§ **Source data**:
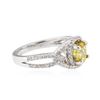 Image 2 : 14KT White Gold 1.08ct Yellow Sapphire and Diamond Ring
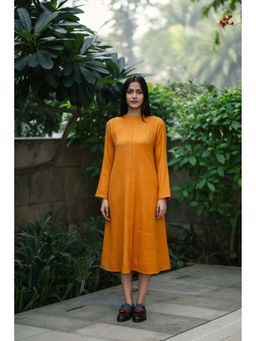 Raas Life - Starflower Mustard Merino Wool Solid A Line Midi Dress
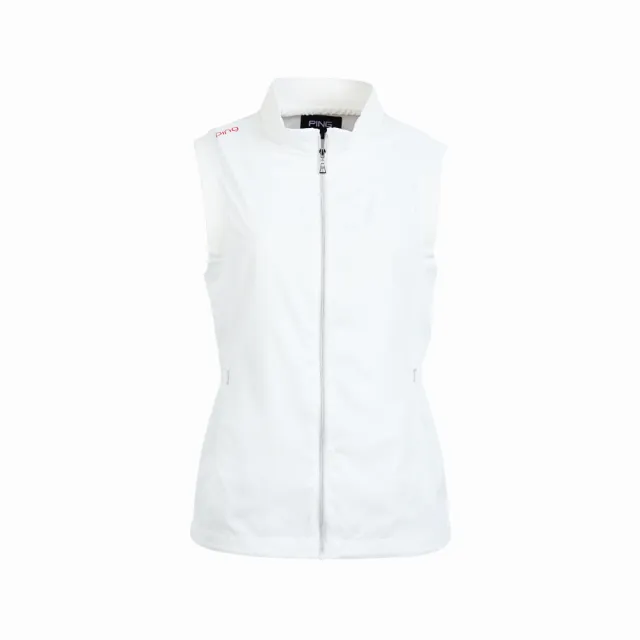 【PING】女款透氣網內裡抗UV高爾夫薄背心-白(防潑水/防風透氣/GOLF/RB25115-87)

§ **Exercise prompt**: Set down each line of the material exactly and skip every image.

§ **Written solution**:
 Image 2 : 14KT White Gold 1.08ct Yellow Sapphire and Diamond Ring
 Raas Life - Starflower Mustard Merino Wool Solid A Line Midi Dress
 【PING】女款透氣網內裡抗UV高爾夫薄背心-白(防潑水/防風透氣/GOLF/RB25115-87)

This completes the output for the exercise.